◆ Source information:
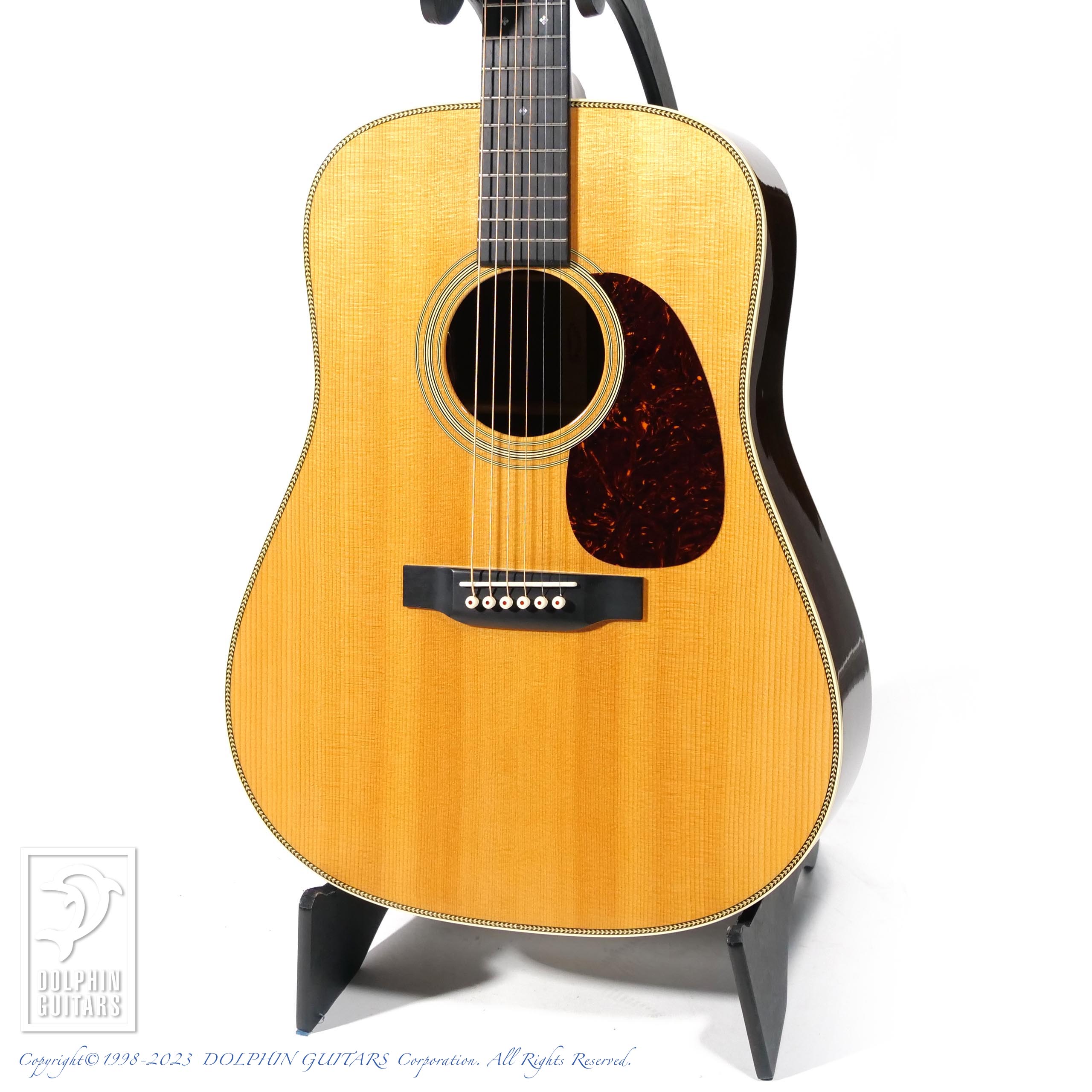 C.F.Martin HD-28 Standard|ドルフィンギターズ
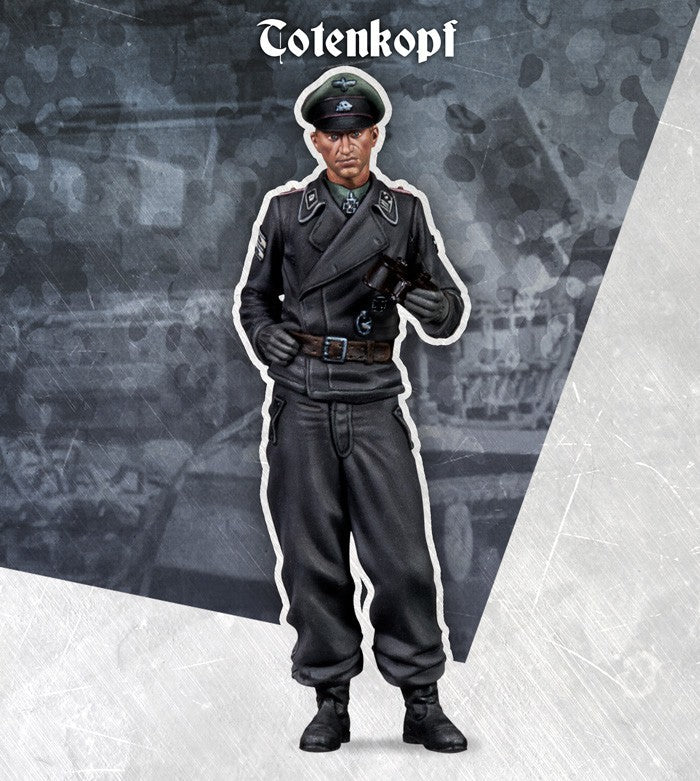 scale75-totenkopf-tanker-figura-1-35-in-resina-warfront-da-montare-e-dipingere image 1
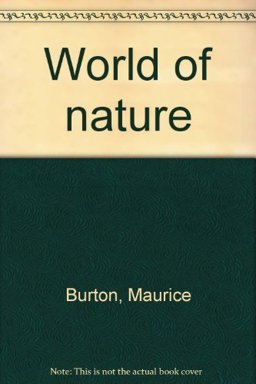 World of Nature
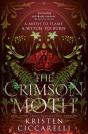 The Crimson Moth - Preview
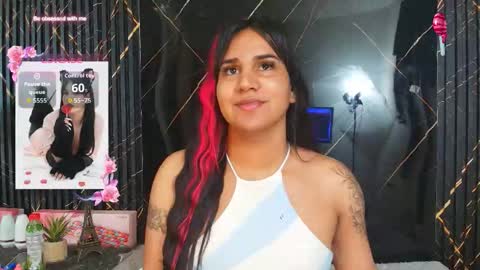 kagome01 online show from 03/15/26, 12:55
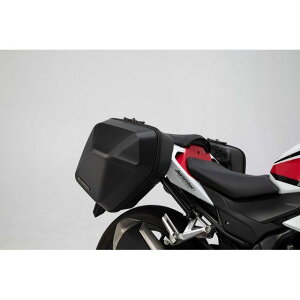 SW-MOTECH URBAN ABS TChP[XVXe. 2x 16 l. Honda CB500Fi16-j/CBR500Ri16-j.bBC.HTA sw_BC_HTA_01_742_30000B SWebN c[Op{bNX oCN c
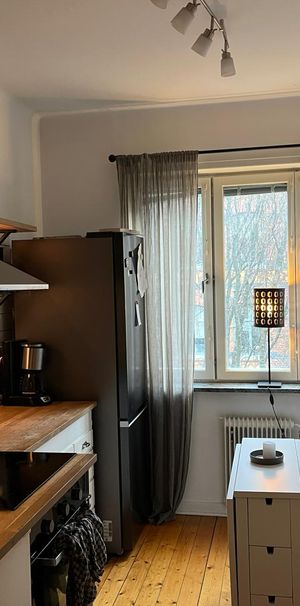 Bellevuegatan, Södertälje - Photo 2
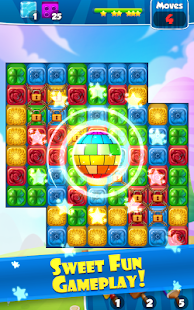 Flower Blast Cubes(圖3)-速報App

◆ What to work on:
All of the records above are to be printed exactly, with every picture omitted.

◆ Task output:
 C.F.Martin HD-28 Standard|ドルフィンギターズ
 scale75-totenkopf-tanker-figura-1-35-in-resina-warfront-da-montare-e-dipingere image 1
 World of Nature
 The Crimson Moth - Preview
 kagome01 online show from 03/15/26, 12:55
 SW-MOTECH URBAN ABS TChP[XVXe. 2x 16 l. Honda CB500Fi16-j/CBR500Ri16-j.bBC.HTA sw_BC_HTA_01_742_30000B SWebN c[Op{bNX oCN c
 Bellevuegatan, Södertälje - Photo 2
 Flower Blast Cubes(圖3)-速報App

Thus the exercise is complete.